"""

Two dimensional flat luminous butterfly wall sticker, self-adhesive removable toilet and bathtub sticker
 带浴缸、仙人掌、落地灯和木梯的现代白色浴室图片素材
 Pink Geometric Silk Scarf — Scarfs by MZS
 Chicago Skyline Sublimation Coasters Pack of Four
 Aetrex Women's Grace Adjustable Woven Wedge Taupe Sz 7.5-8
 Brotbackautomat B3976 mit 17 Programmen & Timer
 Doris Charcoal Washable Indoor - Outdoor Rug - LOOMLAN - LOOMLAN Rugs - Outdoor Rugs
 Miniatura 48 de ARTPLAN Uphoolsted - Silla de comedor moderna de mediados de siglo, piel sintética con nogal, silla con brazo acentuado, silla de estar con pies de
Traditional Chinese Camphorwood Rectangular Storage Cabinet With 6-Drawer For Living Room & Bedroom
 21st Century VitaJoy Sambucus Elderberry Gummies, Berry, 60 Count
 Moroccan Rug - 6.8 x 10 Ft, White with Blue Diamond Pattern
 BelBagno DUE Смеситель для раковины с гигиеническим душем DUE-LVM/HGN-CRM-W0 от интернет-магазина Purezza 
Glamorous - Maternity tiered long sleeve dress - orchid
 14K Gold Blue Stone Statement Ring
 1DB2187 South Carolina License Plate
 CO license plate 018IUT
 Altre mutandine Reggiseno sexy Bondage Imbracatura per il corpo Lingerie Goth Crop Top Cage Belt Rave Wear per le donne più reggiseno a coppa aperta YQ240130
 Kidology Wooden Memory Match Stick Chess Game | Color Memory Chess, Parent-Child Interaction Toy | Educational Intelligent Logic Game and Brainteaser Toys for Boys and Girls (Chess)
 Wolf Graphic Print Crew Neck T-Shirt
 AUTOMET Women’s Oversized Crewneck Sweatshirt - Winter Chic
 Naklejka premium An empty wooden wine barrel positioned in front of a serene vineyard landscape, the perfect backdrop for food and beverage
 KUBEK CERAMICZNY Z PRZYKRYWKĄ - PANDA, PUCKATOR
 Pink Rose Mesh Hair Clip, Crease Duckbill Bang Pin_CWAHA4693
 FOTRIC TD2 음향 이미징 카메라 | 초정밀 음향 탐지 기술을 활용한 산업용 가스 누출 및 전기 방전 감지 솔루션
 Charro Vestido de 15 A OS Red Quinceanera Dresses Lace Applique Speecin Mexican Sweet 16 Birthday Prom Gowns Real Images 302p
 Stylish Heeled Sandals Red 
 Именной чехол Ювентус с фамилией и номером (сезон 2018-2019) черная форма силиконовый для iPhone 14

"""

Wherever the word "Pink" turns up in a line of the entries above, copy that line.

OUTPUT BELOW:
 Pink Geometric Silk Scarf — Scarfs by MZS
 Pink Rose Mesh Hair Clip, Crease Duckbill Bang Pin_CWAHA4693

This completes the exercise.